How to fix a squashed India choropleth in Plotly: use district-level join keys and sane scaling

Fix a distorted India choropleth in Plotly by joining on district fields (locations + featureidkey) and setting a sensible projection_scale for accurate maps.

Fixing a distorted India choropleth in Plotly: getting the join key right

When a choropleth of India looks squashed or the state outlines appear oddly small, the problem often isn’t the projection. In this case, the map was drawn from district-level geometry, but the data was matched on state names. That mismatch caused the layer to render incorrectly and the visualization to feel wrong at a glance.

Corrected example

Below is a minimal setup that fixes the join between your dataframe and the GeoJSON. The key change is to connect features by district rather than by state. Additionally, the duplicate centering was removed and the projection scale was set to a more reasonable value.

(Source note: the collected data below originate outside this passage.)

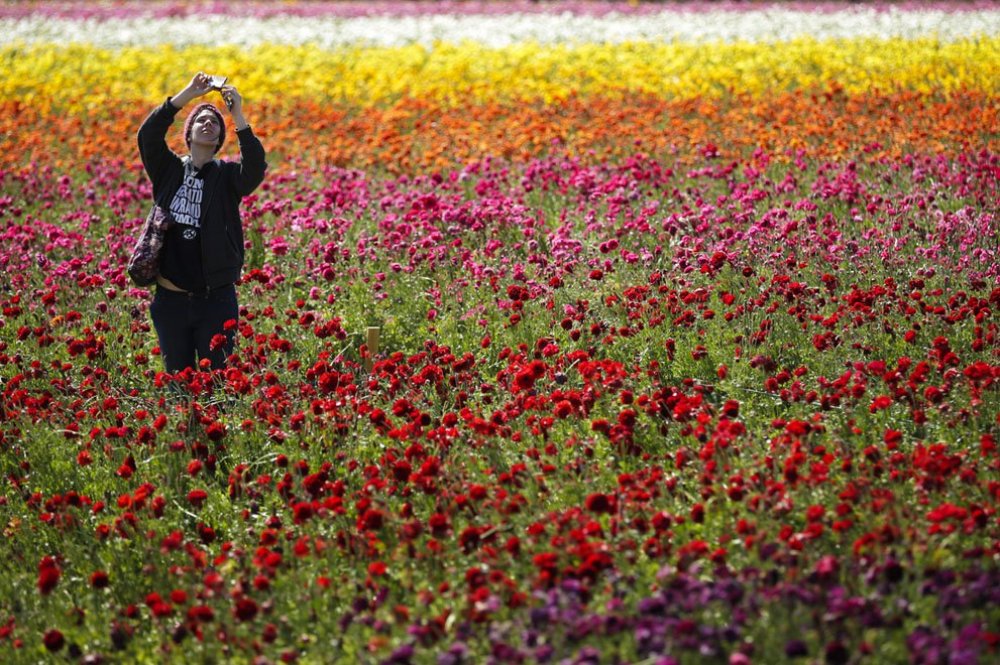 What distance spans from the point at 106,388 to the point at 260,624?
7.73 feet

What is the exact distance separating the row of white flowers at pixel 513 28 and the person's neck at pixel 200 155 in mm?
12441

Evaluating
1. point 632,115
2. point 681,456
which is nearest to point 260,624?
point 681,456

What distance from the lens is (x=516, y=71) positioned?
49.6 ft

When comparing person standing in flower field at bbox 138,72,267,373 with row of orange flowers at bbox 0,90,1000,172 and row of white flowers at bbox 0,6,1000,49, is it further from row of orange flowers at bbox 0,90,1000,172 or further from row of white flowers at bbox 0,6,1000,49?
row of white flowers at bbox 0,6,1000,49

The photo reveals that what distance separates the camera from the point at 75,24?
22297mm

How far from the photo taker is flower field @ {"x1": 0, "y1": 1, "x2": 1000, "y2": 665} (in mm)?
3541

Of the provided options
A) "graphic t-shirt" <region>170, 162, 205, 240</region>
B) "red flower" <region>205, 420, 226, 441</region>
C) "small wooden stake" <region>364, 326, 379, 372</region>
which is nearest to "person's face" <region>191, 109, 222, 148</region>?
"graphic t-shirt" <region>170, 162, 205, 240</region>

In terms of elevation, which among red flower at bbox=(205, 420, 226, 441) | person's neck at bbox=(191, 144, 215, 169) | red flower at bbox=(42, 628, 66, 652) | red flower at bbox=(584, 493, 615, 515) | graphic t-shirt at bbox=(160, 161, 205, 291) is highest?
person's neck at bbox=(191, 144, 215, 169)

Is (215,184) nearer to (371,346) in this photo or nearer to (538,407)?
(371,346)

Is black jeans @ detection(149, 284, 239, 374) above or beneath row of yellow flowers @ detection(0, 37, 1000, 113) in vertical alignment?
beneath

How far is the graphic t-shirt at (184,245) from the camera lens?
5.96 meters

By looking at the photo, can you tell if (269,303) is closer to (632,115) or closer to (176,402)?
(176,402)

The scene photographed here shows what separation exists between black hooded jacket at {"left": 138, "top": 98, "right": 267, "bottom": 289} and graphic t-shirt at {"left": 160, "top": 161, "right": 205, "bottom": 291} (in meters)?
0.04

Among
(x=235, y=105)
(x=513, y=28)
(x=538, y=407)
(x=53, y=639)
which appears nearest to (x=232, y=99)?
(x=235, y=105)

import plotly.express as px
map_df = geo_df
shape_src = geojson_data
chart = px.choropleth(
    map_df,
    geojson=shape_src,
    locations="district",
    featureidkey="properties.district",
    color="Accidents",
    center=dict(lat=22, lon=80)
)
chart.update_geos(projection_scale=3)
chart.show()

What went wrong and why it happens

The GeoJSON features describe districts, and each feature carries a properties.district value. The dataframe also holds district-level rows with an Accidents column. When the map is instructed to join on a state field like st_nm, Plotly tries to match every district-shaped feature to a single state label. Multiple features share the same state name, so the many-to-one link produces a misleading rendering, which is why the shapes end up looking off and the visual scale feels wrong. In other words, the geometry is detailed per district, but the key used for matching is aggregated at the state level.

The fix

Align the join keys with the geometry granularity. Use the district field in both the dataframe and the GeoJSON: set locations to "district" and featureidkey to "properties.district". This makes the mapping unambiguous and allows Plotly to color and render each district polygon correctly. While at it, keep only a single center definition and choose a projection scale that frames India appropriately; a value like 3 is a practical starting point for a country-scale view.

Why this detail matters

Choropleths depend on a reliable feature join. If the key mismatches the geometry level, the map can appear distorted, duplicate regions might end up with the same color without representing true values, and the entire visual narrative becomes misleading. Ensuring that the attribute key aligns with the polygon level is essential for trustworthy geospatial analysis and for communicating patterns such as accident counts across districts.

Takeaways

Always verify that your locations column matches the granularity of your GeoJSON’s featureidkey. For district polygons, join by district; for state polygons, join by state. Keep map configuration minimal and intentional: one center, a sensible projection_scale, and attributes that exist in both the dataframe and the geometry source. If, after fixing the join, boundaries still look inaccurate, consider sourcing a more precise district GeoJSON before drawing conclusions from the visualization.

The article is based on a question from StackOverflow by Ryan_Brusseau and an answer by pixel-process.